In the past 40 years, he has worked primarily at various R&D institutions in United States and
Germany and has consulted on a variety of large international projects sponsored by ESA, EU, NASA,
NATO, and the UN. He has also taught university-level computer sciences courses in software engineering, software architecture, distributed information systems, and human-computer interaction. He is
the author or co-author of more than 90 articles and papers in international journals, conferences,
books, and workshops, most recently a chapter, “Capture of Software Requirements and Rationale
through Collaborative Software Development”; a paper, “Knowledge Management in the Global Software Engineering Environment”; and a paper “Architectural Knowledge Management in Global Software Development.”
He has written a number of editorials and prefaces, most recently for the books Aligning Enterprise,
System, and Software Architecture and, Agile Software Architecture. He has also written over 120
technical reports and presented over 70 scientific/technical talks.
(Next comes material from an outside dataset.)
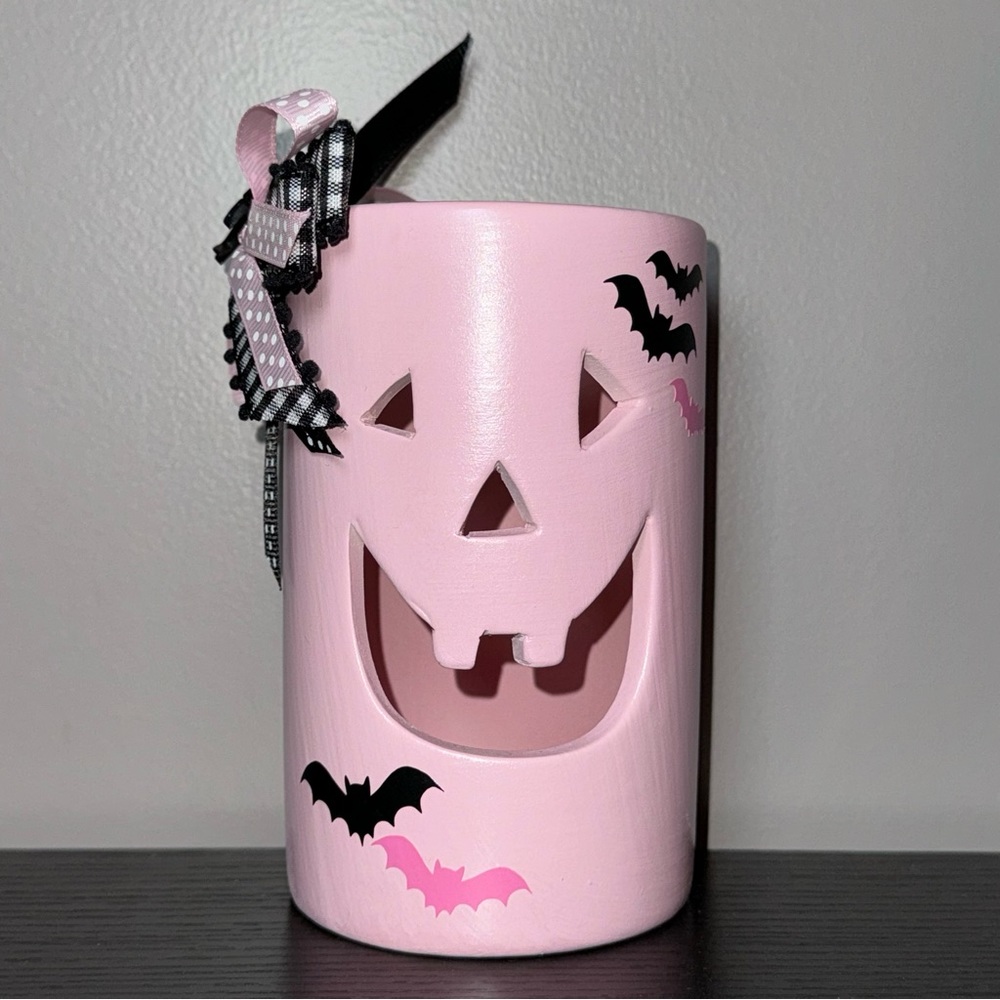 Pink & Black Jack O’ Lantern Halloween Decor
He has served on many program committees and panels of reputable international conferences and organized a number of scientific workshops, including two workshops on Knowledge Engineering in Global Software and Development at
the International Conference on Global Software Engineering 2009 and 2010 and the IEEE International Workshop on the Future of Software Engineering for/in the Cloud (FoSEC) held in conjunction
with IEEE Cloud 2011. He has been the guest editor of IEE Proceedings Software: A special Issue on
Relating Software Requirements and Architectures, published by IEE in 2005, and the lead editor of the

book Rationale Management in Software Engineering, published by Springer in 2006. He has been the
co-author of the book Rationale-Based Software Engineering, published by Springer in May 2008. He
has been the lead editor of the book Collaborative Software Engineering, published by Springer in
2010; the book Relating Software Requirements and Architectures, published by Springer in 2011;
and the lead editor of the book Aligning Enterprise, System, and Software Architectures, published
by IGI Global in 2012. He was the lead editor of the Expert Systems Special Issue on Knowledge Engineering in Global Software Development and co-editor of the JSS Special Issue on the Future of Software Engineering for/in the Cloud, both published in 2013. He was the co-editor for the book Agile
Software Architecture, published by Elsevier in 2013. Currently, he is the lead editor for the book
Economics-driven Software Architecture, to be published by Elsevier in 2014.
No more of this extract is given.